Datapackage Pipelines Tutorial

This tutorial is built as a Jupyter notebook which allows you to run and modify the code inline and can be used as a starting point for new Datapackage Pipelines projects.

Installation

Follow the DataFlows Tutorial installation instructions.

Save this tutorial in curreny working directory (right-click and save on following link): https://raw.githubusercontent.com/frictionlessdata/datapackage-pipelines/master/TUTORIAL.ipynb

Start Jupyter Lab in the dataflows environment and open the datapackage pipelines tutorial notebook you downloaded.

Install datapackage-pipelines


In [1]:
%%sh
python3 -m pip install -qU datapackage-pipelines[seedup]

This installs datapackage-pipelines with speed optimizations, if you encounter problems installing it, remove the [speedup] suffix.

Verify you have the latest datapackage-pipelines version


In [6]:
%%sh
dpp version


Installed version: 2.0.0
Latest version: 2.0.0

Create a flow

Datapackage-pipelines uses the DataFlows library's Flow objects as the basic building blocks for larger pipeline systems.

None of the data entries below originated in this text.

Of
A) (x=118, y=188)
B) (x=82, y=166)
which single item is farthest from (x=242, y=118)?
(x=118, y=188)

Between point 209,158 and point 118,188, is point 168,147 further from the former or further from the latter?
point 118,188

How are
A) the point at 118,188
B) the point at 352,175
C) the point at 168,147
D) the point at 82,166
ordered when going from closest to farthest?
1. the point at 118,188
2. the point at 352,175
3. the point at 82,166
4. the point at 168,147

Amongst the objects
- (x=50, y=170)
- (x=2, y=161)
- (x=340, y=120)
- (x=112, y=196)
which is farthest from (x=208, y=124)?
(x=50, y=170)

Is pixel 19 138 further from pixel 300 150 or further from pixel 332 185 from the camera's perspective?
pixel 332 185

It's recommended to follow the DataFlows Tutorial to get a better understanding of the DataFlows concepts which will be used here.

Run the following cell to create a file called countries_population_flow.py which scrapes a list of countries populations from wikipedia.

This flow is copied from the DataFlows tutorial, the processing function country_population is exactly the same, the flow and how we run it is changed to integrate with Datapackage Pipelines:


In [1]:
%%writefile countries_population_flow.py

# notice that we don't import any datapackage-pipelines modules
# all the flow code is written purely with the DataFlows library
from dataflows import Flow, dump_to_path, load, add_metadata, printer, update_resource
from xml.etree import ElementTree
from urllib.request import urlopen


# Generator flow step, copied from the DataFlows tutorial
# it just spews rows of data - in this case, countries populations scraped from Wikipedia
def country_population():
    # Read the Wikipedia page and parse it using etree
    page = urlopen('https://en.wikipedia.org/wiki/List_of_countries_and_dependencies_by_population').read()
    tree = ElementTree.fromstring(page)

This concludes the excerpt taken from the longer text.